There are two things you dream of finding when you move to the city: your regular bar and your go-to coffee shop. Anyone who moves to New York constructs their personal MacLaren’s and their own Central Perk in their mind well before their U-Haul hits the BQE. Once your security deposit is paid, you begin your quixotic search for the bar and coffee shop of your daydreams. Sadly, some dreams cannot be, and some douchey crowds you cannot weather. That pub with such great potential turns out to be an over-priced tourist haven, and that hip looking coffee shop is little more than a crowded office, just with cooler music and better dressed people. Eventually, you give up.
Though I’ve come to believe that becoming a regular at a bar is just easy shorthand for socially sanctioned alcoholism, I do think we could all find our perfect coffee shop if it wasn’t for our Wi-Fi based economy.
I’ll never forget the first coffee shop I walked into in Williamsburg. I remember the sunken eyes of the beleaguered barista dispensing small coffees and the cheapest pastries in the case to struggling freelancers, desperate to pay the lowest possible admission for their slice of hardwood bench. A muffin bought you two hours of Internet; a large latté was a day pass. The customers were packed shoulder to shoulder, their Macbook Pros almost touching. It was the office of your claustrophobic nightmares, but without the solace of cubicle walls pinned with Dilbert cartoons. The mugs and muffin wrappers served as tokens to let the barista know you had paid the price to be left to work alone in peace.
A coffee shop shouldn't be a place where you're passive-aggressively eyeballed into maintaining the quiet reverence of a library or DMV waiting room.
You can’t blame the bespectacled legions basking in the glow of their Macbook Pros. Like Chris Farley in Wayne’s World 2, they’ve got nowhere else to go. Between obnoxious roommates, endless construction, and the fickle hand of Time Warner, few city dwellers are lucky enough to have Wi-Fi in their homes. Your favorite taco spot doesn’t have Wi-Fi. The park doesn’t have Wi-Fi. The local bookstore no longer exists, and even if it did, it also wouldn't have Wi-Fi. So, if you have any work to do, you crowd the coffee shop with everyone else jockeying for a seat close to the outlet yet far away from the cold breeze whipping through the front door. You hope that it will stay quiet enough that you can concentrate. After all, your noise cancelling headphones aren’t quite as noise cancelling as advertised.

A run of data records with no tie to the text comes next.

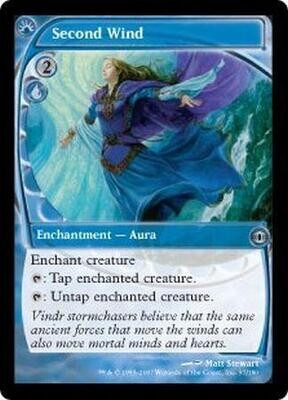Second Wind
Future Sight Singles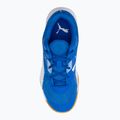 PUMA Solarflash Jr II kék-fehér gyermek röplabda cipő 10688303 6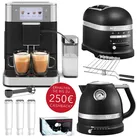 KitchenAid Kaffeevollautomat KF8 Frühstücks-Set Gusseisen Schwarz *250€ Cashback...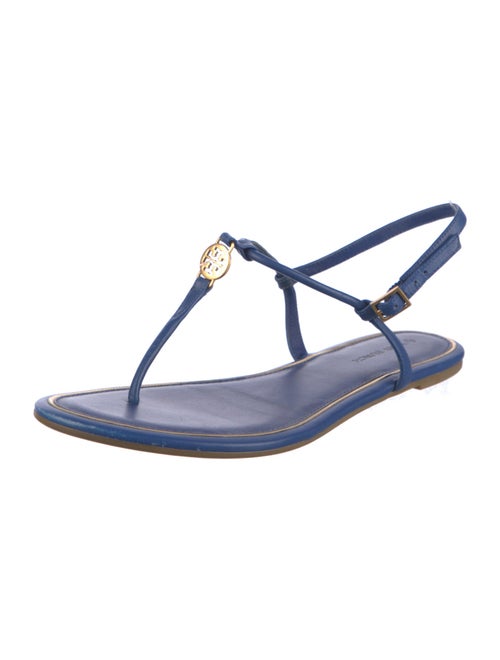 Tory Burch Leather T-Strap Sandals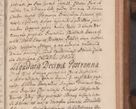 Zdjęcie nr 710 dla obiektu archiwalnego: Volumen VII actorum episcopalium Joannis Małachowski, episcopi Cracoviensis, ducis Severiae de anno 1694 - 1696, quorum index ad finem videatur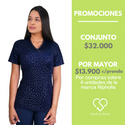 POLERA LYCRA RIPHOLIA AZUL MARINO 2202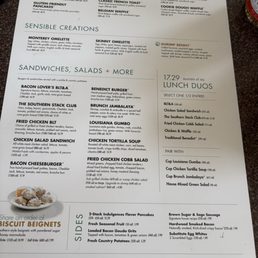 Menu Menu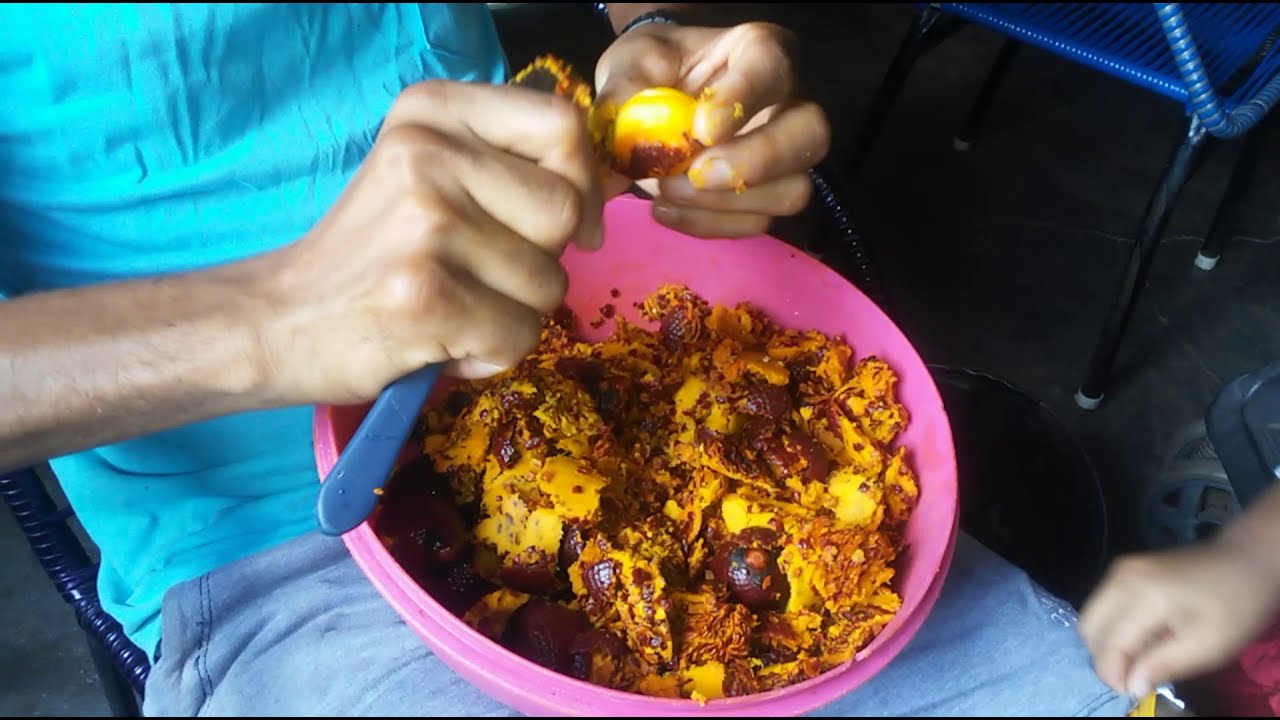 como fazer poupa de buriti😍
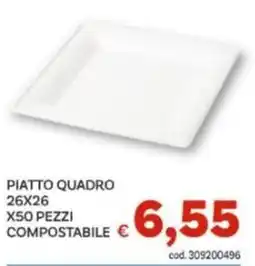 Vivo Supermercati Piatto quadro offerta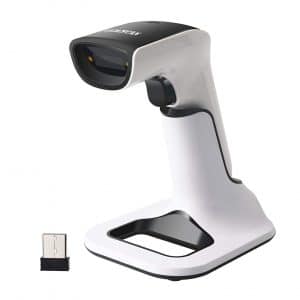 Newscan 2D Wireless 3-in-1 Bluetooth Barcode Scanners with USB Receiver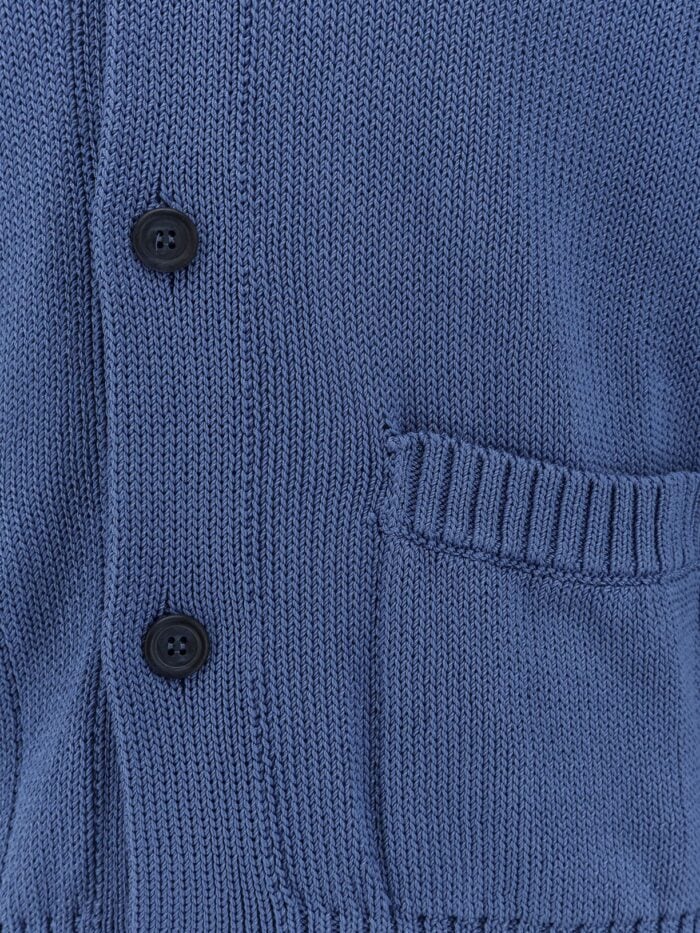 ALPHA-STUDIO Cotton Cardigan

As it stands, the local art and concert fliers on coffee shop walls serve the same purpose as the chintzy Americana on display at T.G.I.Fridays. The décor appeals to your sense of what the place is supposed to be, what you want to feel, but in no way reflects reality. Sadly, a chalkboard and a globe would better symbolize what is going on here. Welcome to adult study hall: please tip your barista/classroom monitor. You moved to New York, to Chicago, to Denver, to Austin, to talk about art and philosophy as you sipped your latté on a beat up couch. Instead, you’re packed like sardines into an exposed brick closet where you're expected to finish your drink in silence, lest you violate the unspoken freelancer’s code. Before you can possibly enjoy your mocha, you have to fight tooth and nail for a seat, a table, and an outlet. There are too many disserations and screenplays being written here for you and your OKCupid date to find a table, so you'll just have to take that fragile social interaction elsewhere.

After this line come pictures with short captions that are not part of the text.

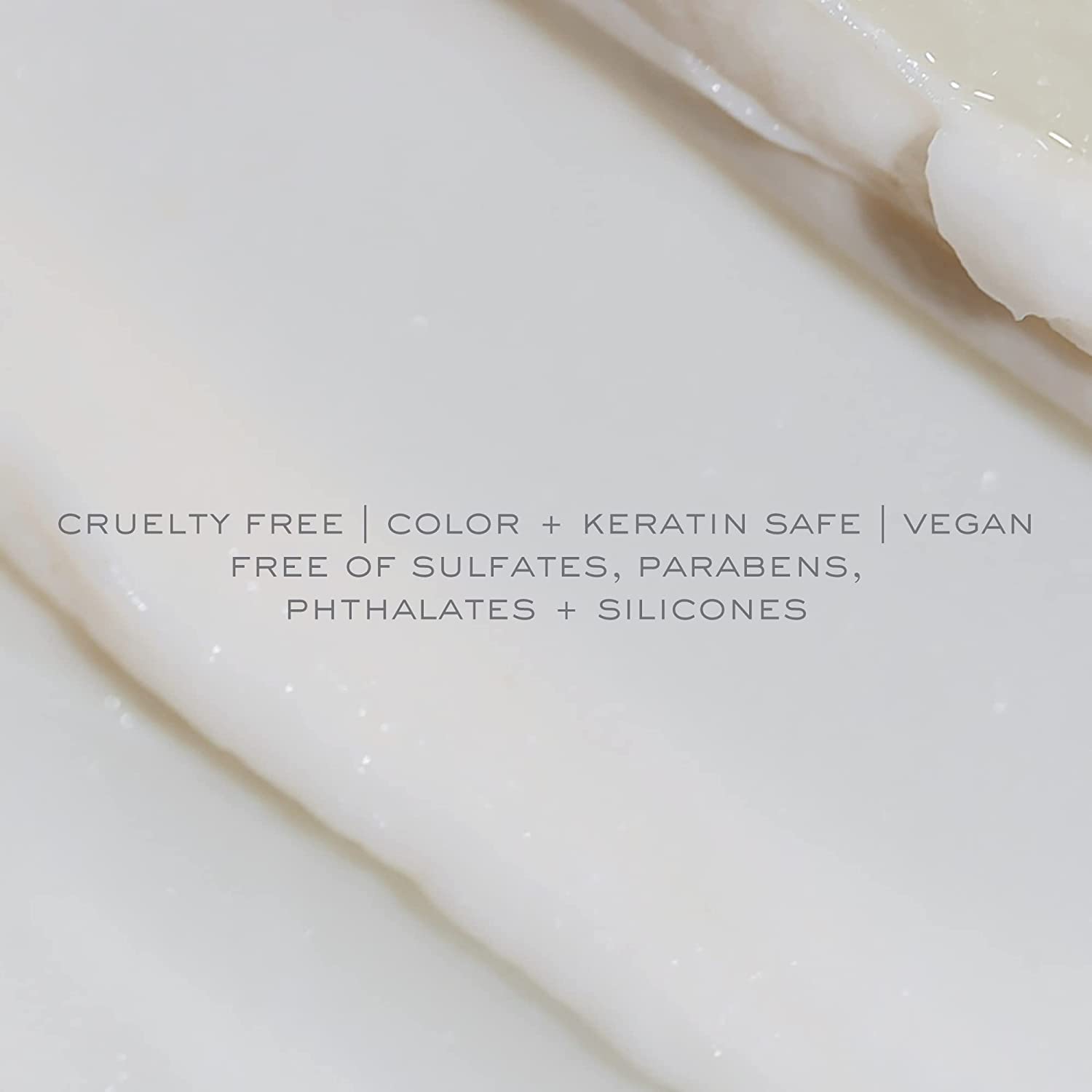 Kristin Ess mascarilla textura espumosa suave para cabello ligero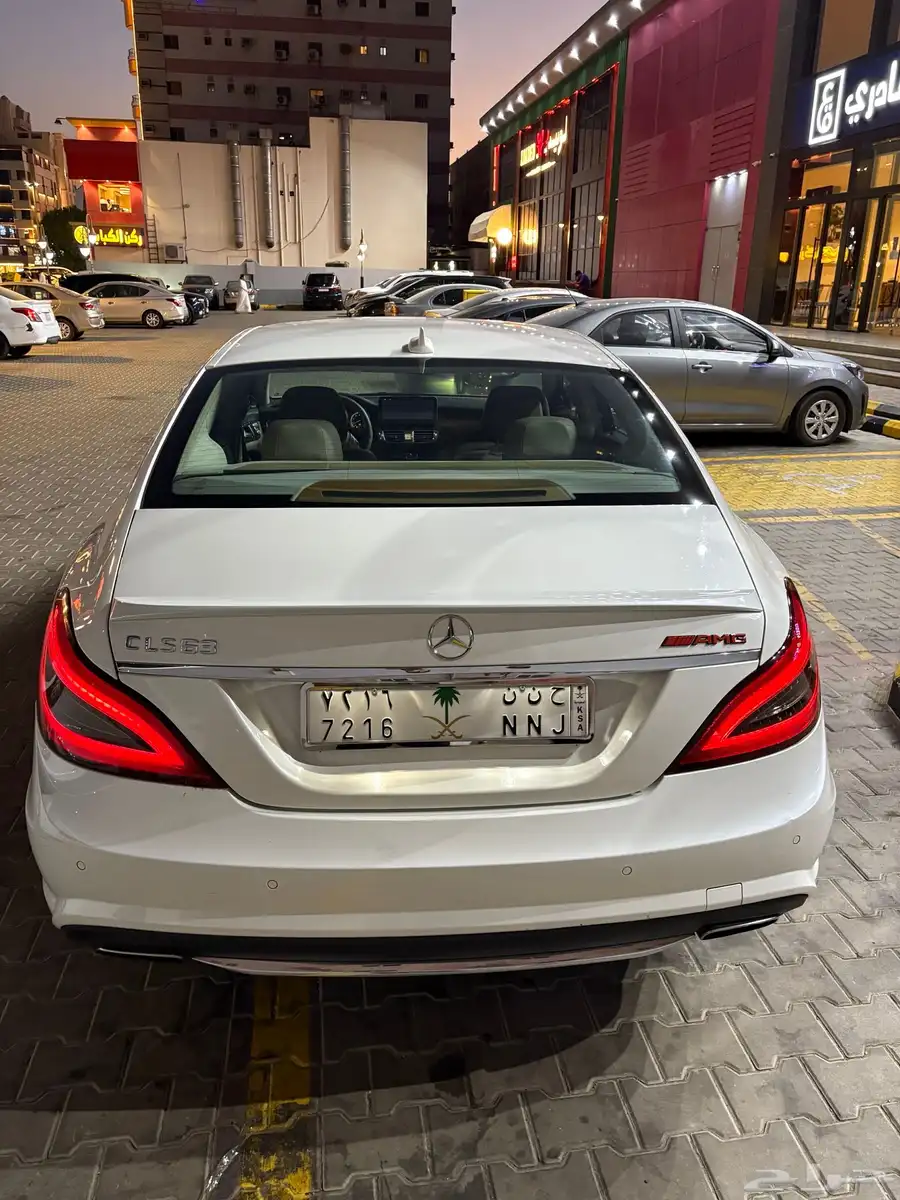 مرسيدس cls 550 معدل 63 1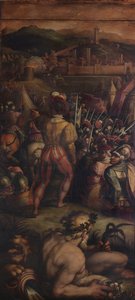 विकोपिसानो का कब्जा, 1563-1565 द्वारा जियोर्जियो वासरी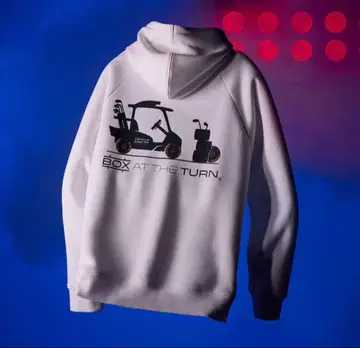 2025년 테일러메이드 레드불 한정판 콜라보 후드티 L 박스 후디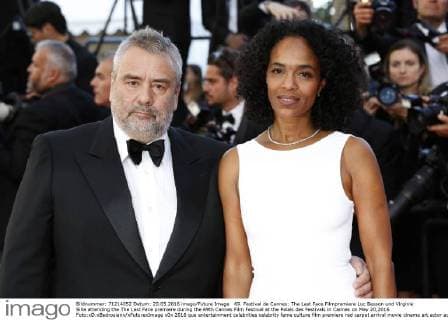 69. Festival de Cannes: The Last Face Filmpremiere Luc Besson und Virginie Silla attending the The Last Face premiere during the 69th Cannes Film Festival at the Palais des Festivals in Cannes on May 20,2016 Foto:xD.xBedrosianx xFuturexImage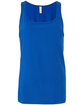 Bella + Canvas Ladies' Relaxed Jersey Tank true royal OFFront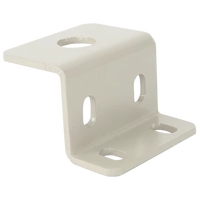 Supports de suspension en forme de Z pour goulottes de câbles de centre de données, galvanisés et thermolaqués, fixations de suspension modèle 3mm galvanisé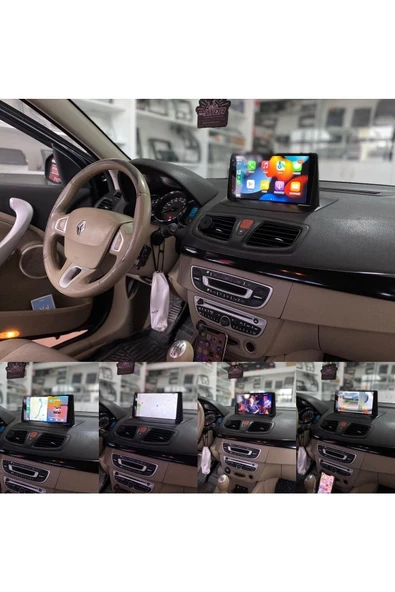 demirusta renault fluance Uyumlu megan3 carplay YOUTUBE yandex WİFİ usb BT KAMERA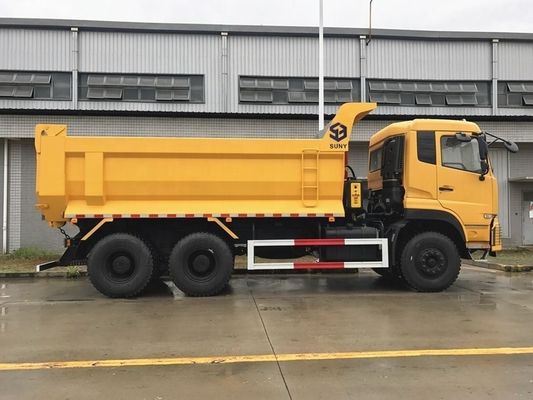 Cina DONGFENG 20T Camion a gomma Camion a scarico 6X4 Camion a camion Prezzo di fabbrica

This isn’t what a coffee shop is supposed to be. At least, it isn’t what sitcoms and indie movies told me a coffee shop is supposed to be. A coffee shop should be a place for the excited and argumentative to throw around ideas for start-ups and graphic novels and Twitter parody accounts. A coffee shop shouldn't be a place where you're passive-aggressively eyeballed into maintaining the quiet reverence of a library or DMV waiting room. If my local coffee shop is little more than a shared office space, why shouldn’t I go to Starbucks? Why not share space with the yoga moms at Panera? At least their bathroom works.

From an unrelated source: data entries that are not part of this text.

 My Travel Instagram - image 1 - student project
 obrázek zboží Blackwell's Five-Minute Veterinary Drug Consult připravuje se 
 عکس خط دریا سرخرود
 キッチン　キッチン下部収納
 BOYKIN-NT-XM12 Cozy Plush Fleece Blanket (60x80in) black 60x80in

Introducing free citywide public Wi-Fi (as Los Angeles is considering) would release freelancers from the confines of the coffee shop. Writers could cruise Wikipedia on a park bench or on the steps of a museum. Designers could camp out in a taqueria or a burger joint if they so choose. The coffee shop, for its part, would become something closer to what it is meant to be (or at least what culture promised us it was), a place where people talk, pontificate, debate, and flirt. It's a sad state of affairs when the only place to have a real conversation is in a boozy back room at some dive bar between the hours of 11 p.m. and 2 a.m. Perhaps free public Wi-Fi won’t change the overcrowded businesslike culture of your local coffee shop. There will still be freelancers perched on wobbly wooden stools, pecking away in dark corners, but they won’t have a right to stare you down if your conversation rises above a whisper. After all, they can always find somewhere else to work where it's a little quieter and there aren't so many people.